• Exercise description:
Of the lines in the data below, write out exactly those from the one holding "Casa de 4 alcobas" through the one holding "Set de Aretes de Oro Laminado COA2939-3", both included.

• Exercise inputs:
* * * * * * * * *
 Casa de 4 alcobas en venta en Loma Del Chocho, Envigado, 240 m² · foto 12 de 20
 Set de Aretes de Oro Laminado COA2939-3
* * * * * * * * *
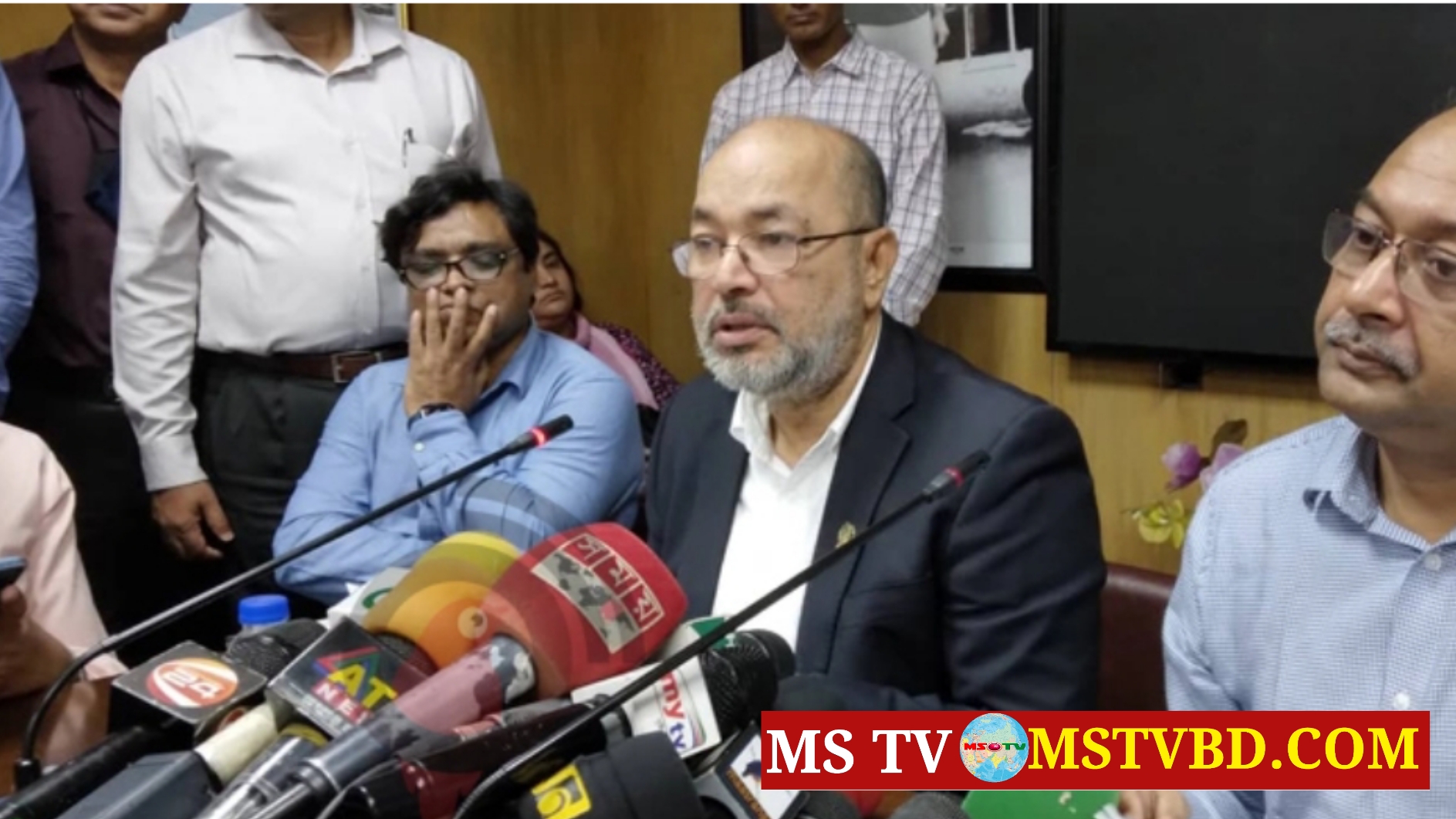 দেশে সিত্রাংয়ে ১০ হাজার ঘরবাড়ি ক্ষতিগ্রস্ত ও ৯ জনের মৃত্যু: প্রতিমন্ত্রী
* * * * * * * * *
• Solution for this exercise:
 Casa de 4 alcobas en venta en Loma Del Chocho, Envigado, 240 m² · foto 12 de 20
 Set de Aretes de Oro Laminado COA2939-3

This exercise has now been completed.